‘Percy Jackson & the Olympians: The Lightning Thief’: Barely strikes once

February 12, 2010

“Percy Jackson & the Olympians: The Lightning Thief” may have the most unfortunate movie title since “Precious: Based on the Novel ‘Push’ by Sapphire.”


It’s too long, for starters. (What’s the matter? Didn’t have the guts to put a “Part 1” in the title?) And it indicates that the movie is about a character named Percy. Yikes.


Of course, because this is a movie about Greek mythology (though set in the present day), Percy is actually short for Perseus, the demigod who killed Medusa and rode Pegasus. Mythology – so popular with the young people today.


Still, that title still sounds like a wee bit of a marketing challenge.


But then, I’m not a parent of a kid who wants to see this movie because it’s based on the first in a kids’ series of adventure novels by Rick Riordan. I assume that the books are an attempt to trap the same publishing magic as J.K. Rowling did with the Harry Potter books.


I’m sure the publishers would argue about the Potter comparison, saying that the template is mythology and not magic: gods, demi-gods, furies and the like. But get serious: It’s pure Harry, from the revelation that teen-age Percy has powers he never knew about to the Hogwarts-like camp where he learns to use said powers to the Dumbledore-like teacher (in this case, the centaur Chiron, played by Pierce Brosnan) who helps him achieve his destiny.


It’s even directed by Chris Columbus, who directed the first two Potter films. Which means it’s fast, flat and punchline-challenged, despite the presence of Brandon T. Jackson (who played the hilarious Alpa Chino in “Tropic Thunder”). As a satyr who has yet to earn his horns, Jackson is buried under the weight of soggy one-liners and mushy, generic dialogue.


But why should he be alone? The script by Craig Titley is all about the action sequences, with little thought to giving the dialogue even the semblance of a polish. There are plenty of opportunities for humor but the jokes just lay there, as if they’d been subjected to Medusa’s stony gaze.


The plot, such as it is, concerns an impending war between Zeus (Sean Bean) and his brother, Poseidon (Kevin McKidd). Zeus’ lightning bolt has been stolen and he blames Poseidon’s human offspring. If it isn’t returned in 14 days, by thunder … well, you get the idea.

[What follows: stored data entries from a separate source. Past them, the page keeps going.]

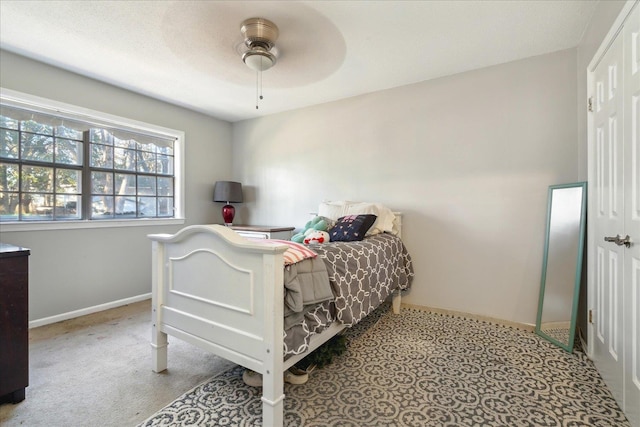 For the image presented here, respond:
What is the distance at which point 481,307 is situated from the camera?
106 inches

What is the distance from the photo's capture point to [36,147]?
2691mm

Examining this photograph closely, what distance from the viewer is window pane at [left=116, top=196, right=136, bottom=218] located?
3.28m

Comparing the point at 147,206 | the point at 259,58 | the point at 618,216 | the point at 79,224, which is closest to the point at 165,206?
the point at 147,206

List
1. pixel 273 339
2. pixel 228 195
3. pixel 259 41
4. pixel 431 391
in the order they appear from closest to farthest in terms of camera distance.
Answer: pixel 273 339, pixel 431 391, pixel 259 41, pixel 228 195

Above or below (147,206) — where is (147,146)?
above

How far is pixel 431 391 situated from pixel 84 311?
327 centimetres

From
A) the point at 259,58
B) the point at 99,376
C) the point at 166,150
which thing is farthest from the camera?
the point at 166,150

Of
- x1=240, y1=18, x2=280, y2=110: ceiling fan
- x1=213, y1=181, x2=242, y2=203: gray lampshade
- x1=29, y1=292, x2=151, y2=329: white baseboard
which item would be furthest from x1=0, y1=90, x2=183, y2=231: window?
x1=240, y1=18, x2=280, y2=110: ceiling fan

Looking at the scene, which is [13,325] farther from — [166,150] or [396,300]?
[396,300]

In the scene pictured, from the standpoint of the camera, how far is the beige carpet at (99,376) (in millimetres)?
1490

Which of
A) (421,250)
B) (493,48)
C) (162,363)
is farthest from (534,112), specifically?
(162,363)

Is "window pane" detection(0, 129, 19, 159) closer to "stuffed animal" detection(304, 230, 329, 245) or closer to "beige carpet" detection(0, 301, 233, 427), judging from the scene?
"beige carpet" detection(0, 301, 233, 427)

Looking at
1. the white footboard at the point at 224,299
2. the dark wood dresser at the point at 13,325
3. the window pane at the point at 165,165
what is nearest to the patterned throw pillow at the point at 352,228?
the white footboard at the point at 224,299

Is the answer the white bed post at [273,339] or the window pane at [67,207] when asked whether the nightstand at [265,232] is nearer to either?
the window pane at [67,207]
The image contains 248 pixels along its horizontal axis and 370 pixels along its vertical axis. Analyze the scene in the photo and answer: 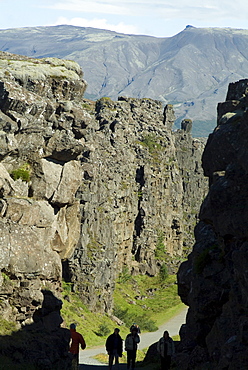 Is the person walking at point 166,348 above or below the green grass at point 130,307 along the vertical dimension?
above

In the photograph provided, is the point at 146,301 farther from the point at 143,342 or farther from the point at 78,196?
the point at 143,342

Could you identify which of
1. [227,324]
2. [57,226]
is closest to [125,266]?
[57,226]

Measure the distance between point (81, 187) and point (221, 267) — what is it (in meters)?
53.9

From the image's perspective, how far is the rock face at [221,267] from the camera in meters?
23.5

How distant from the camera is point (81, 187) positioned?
81.1 metres

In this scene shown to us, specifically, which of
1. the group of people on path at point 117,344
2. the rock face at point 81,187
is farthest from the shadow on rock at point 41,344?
the group of people on path at point 117,344

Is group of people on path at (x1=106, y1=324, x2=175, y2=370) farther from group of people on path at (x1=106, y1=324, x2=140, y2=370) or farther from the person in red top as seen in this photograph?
the person in red top

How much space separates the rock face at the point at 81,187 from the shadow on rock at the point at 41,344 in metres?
0.82

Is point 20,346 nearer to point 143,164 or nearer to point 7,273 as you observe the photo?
point 7,273

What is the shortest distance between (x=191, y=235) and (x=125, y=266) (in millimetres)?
32211

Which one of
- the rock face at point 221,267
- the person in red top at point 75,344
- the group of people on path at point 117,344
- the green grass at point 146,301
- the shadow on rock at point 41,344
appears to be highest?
the rock face at point 221,267

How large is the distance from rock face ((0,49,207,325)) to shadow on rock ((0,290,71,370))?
32.3 inches

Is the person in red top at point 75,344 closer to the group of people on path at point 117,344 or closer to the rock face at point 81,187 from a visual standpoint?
the group of people on path at point 117,344

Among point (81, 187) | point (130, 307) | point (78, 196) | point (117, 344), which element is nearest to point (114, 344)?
point (117, 344) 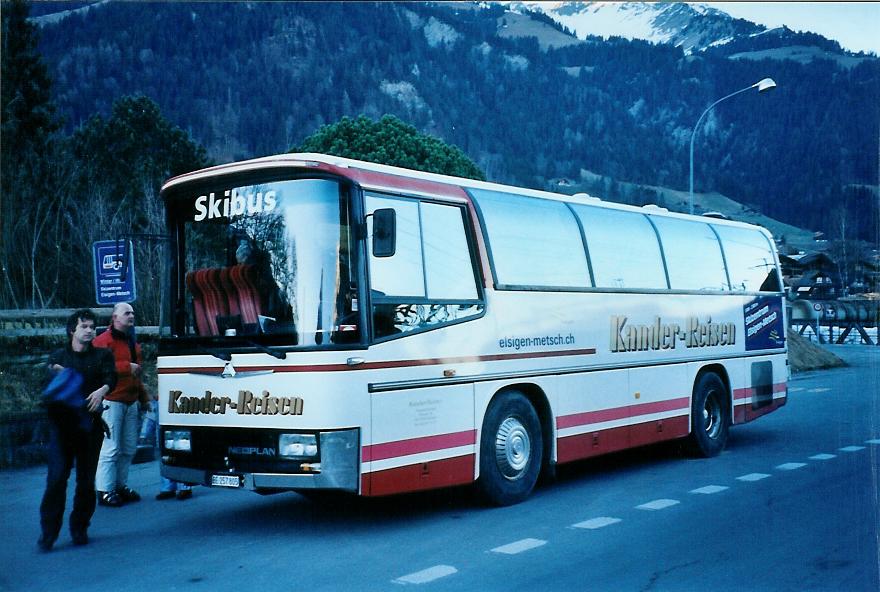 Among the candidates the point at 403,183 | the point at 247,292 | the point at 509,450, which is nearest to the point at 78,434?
the point at 247,292

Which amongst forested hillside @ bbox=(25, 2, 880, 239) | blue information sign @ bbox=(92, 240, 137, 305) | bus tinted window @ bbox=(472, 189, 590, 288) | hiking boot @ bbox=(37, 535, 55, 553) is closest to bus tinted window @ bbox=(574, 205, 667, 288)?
bus tinted window @ bbox=(472, 189, 590, 288)

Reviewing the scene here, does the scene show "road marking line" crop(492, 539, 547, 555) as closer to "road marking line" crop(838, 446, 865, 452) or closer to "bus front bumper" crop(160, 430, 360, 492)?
"bus front bumper" crop(160, 430, 360, 492)

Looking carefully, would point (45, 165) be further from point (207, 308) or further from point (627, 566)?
point (627, 566)

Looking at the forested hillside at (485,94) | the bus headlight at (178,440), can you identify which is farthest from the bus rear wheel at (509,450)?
the forested hillside at (485,94)

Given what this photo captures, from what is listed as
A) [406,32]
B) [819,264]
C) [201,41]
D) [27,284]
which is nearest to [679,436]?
[27,284]

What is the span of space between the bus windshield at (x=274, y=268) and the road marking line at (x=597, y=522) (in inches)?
95.5

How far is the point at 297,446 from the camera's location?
7.42 meters

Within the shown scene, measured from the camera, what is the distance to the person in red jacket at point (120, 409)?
9172 millimetres

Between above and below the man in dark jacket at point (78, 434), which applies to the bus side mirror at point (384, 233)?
above

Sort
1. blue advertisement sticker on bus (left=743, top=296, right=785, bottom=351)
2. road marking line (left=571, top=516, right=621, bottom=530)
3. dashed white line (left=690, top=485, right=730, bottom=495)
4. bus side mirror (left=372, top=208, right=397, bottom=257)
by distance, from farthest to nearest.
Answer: blue advertisement sticker on bus (left=743, top=296, right=785, bottom=351), dashed white line (left=690, top=485, right=730, bottom=495), road marking line (left=571, top=516, right=621, bottom=530), bus side mirror (left=372, top=208, right=397, bottom=257)

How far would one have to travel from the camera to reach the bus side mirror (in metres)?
7.57

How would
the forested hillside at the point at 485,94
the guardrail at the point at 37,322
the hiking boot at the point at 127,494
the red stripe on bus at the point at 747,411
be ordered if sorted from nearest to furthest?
the hiking boot at the point at 127,494, the red stripe on bus at the point at 747,411, the guardrail at the point at 37,322, the forested hillside at the point at 485,94

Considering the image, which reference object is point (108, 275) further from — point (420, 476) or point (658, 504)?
point (658, 504)

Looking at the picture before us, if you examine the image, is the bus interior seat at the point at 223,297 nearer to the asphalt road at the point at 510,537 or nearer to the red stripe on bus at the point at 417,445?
the red stripe on bus at the point at 417,445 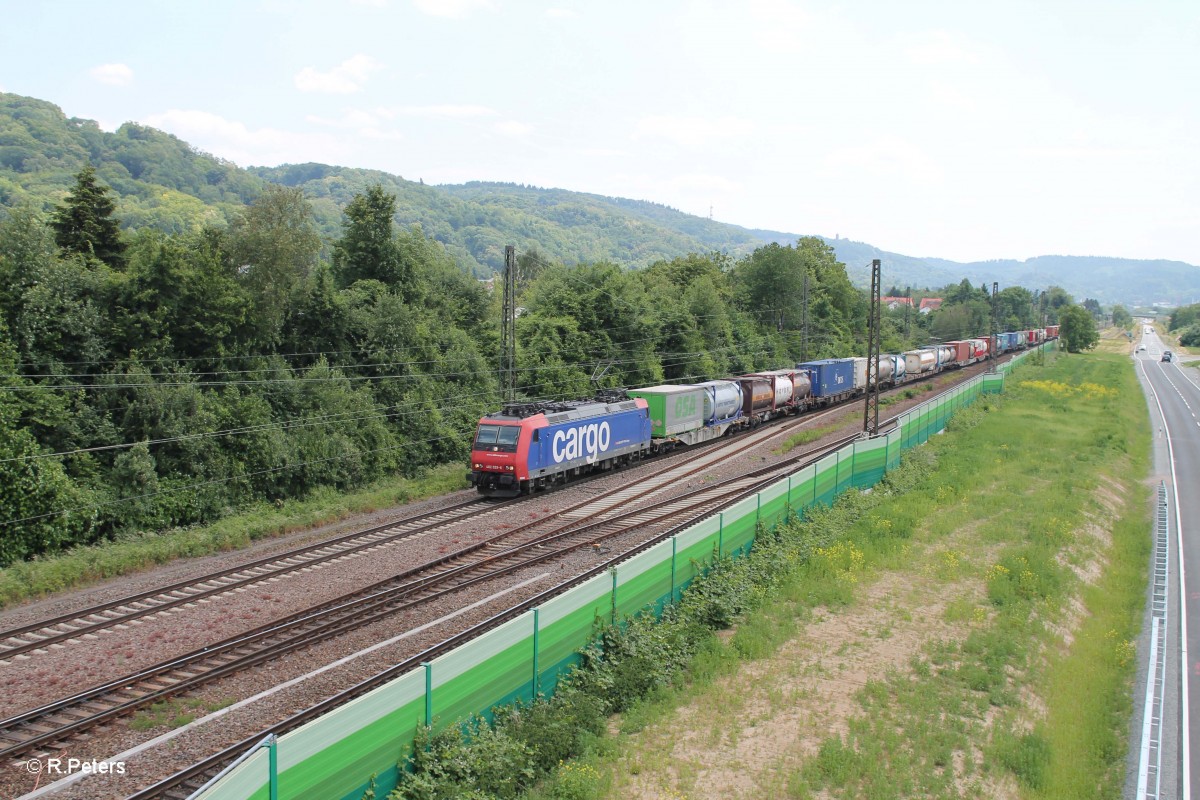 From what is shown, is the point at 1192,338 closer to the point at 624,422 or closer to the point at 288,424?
the point at 624,422

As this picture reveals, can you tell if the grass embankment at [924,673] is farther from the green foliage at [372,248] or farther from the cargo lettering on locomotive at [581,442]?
the green foliage at [372,248]

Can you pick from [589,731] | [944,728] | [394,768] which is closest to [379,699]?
[394,768]

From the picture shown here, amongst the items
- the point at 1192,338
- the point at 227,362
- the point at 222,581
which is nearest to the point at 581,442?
the point at 227,362

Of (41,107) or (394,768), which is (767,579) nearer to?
(394,768)

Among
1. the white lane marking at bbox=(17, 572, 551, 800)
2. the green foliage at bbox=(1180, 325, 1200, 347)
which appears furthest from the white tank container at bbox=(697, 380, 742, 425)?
the green foliage at bbox=(1180, 325, 1200, 347)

Poseidon’s offspring? That would be Percy Jackson (Logan Lerman), a kid with dyslexia and ADHD (but an amazing ability to hold his breath underwater for seven minutes or more at a time). He doesn’t know who his real father is or that he’s a demigod until a school trip to the Metropolitan Museum of Art’s antiquities room. There, a substitute teacher turns into a Fury and attacks him, screaming for him to return the lightning bolt. Except that Percy didn’t steal it.

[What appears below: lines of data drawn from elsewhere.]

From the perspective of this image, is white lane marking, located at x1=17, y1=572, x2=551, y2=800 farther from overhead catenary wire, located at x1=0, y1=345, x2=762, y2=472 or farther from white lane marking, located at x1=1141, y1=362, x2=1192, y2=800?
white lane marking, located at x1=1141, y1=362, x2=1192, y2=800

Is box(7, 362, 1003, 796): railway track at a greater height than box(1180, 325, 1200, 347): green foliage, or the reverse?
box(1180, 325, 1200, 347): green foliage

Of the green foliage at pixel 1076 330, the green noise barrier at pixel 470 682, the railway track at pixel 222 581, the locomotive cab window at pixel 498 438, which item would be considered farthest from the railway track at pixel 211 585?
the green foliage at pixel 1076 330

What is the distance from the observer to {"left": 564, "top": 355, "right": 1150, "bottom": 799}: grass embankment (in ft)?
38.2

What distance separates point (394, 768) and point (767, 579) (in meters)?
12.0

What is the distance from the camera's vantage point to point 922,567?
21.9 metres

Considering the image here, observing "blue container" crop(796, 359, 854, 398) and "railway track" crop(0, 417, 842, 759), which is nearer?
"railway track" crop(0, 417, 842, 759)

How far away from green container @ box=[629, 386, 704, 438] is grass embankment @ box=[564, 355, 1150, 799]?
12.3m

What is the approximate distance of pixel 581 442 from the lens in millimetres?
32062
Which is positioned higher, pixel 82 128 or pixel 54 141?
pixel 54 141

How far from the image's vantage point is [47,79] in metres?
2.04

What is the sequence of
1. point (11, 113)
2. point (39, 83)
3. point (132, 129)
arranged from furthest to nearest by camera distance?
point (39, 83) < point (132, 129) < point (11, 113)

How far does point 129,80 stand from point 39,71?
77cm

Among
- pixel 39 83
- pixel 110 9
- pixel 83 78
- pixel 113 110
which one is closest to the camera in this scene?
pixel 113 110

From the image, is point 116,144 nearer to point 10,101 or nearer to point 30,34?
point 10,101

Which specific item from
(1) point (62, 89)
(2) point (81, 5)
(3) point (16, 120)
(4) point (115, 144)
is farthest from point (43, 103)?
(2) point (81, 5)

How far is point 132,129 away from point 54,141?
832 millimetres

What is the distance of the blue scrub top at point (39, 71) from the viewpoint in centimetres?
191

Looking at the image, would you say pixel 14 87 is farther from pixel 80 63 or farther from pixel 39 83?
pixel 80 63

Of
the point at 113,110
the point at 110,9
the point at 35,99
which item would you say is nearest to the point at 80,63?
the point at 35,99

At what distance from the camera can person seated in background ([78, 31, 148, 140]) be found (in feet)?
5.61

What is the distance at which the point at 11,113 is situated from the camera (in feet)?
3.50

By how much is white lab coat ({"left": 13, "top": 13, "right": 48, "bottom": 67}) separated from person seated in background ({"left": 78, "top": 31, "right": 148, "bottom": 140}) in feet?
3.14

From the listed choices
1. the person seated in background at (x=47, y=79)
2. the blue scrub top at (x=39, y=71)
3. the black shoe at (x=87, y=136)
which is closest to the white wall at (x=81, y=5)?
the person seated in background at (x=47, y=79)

So Percy is hustled off to demi-god training camp by his best friend Grover (Jackson), who drags himself around their high school on a pair of crutches, it turns out, to disguise the fact that he’s actually got goat legs. The camp apparently is in those famous mountains of Long Island, given the route his mother (Catherine Keener) takes across one of the bridges of lower Manhattan.


But just as they reach the camp, they’re attacked by a minotaur sent by Hades; Harry’s, er, Percy’s mother is whisked away to Hell.


Percy must train and learn to use his abilities so he can go on a quest blah blah blah. The quest involves him, Grover (Jackson) and a daughter of Athena named Annabeth (Alexandra Daddario) – in other words, Harry, Ron and Hermione.


Oh yes, and a bevy of movie stars. There’s Uma Thurman as Medusa, Rosario Dawson as Persephone and, in the film’s only funny sequence, Steve Coogan as a heavy-metal-rock-star-styled Hades.


It’s not awful – it’s just not particularly inspired. Lerman is an interesting young actor, as he showed in last year’s little seen “My One and Only,” though he has little to work with here. Neither does Jackson, who is stuck making lame jokes – on crutches, no less. And, with the exception of Coogan, the adults have apparently been instructed to play the gods as very serious people, minus any twinkle of humor. Only McKidd evinces a bit of emotion, with a moment in which he explains his lifelong absence to Percy.


There must be some fun in the literary series somewhere. But it’s been lost in the translation from page to screen – and something tells me this movie won’t be inspiring a sequel anytime soon.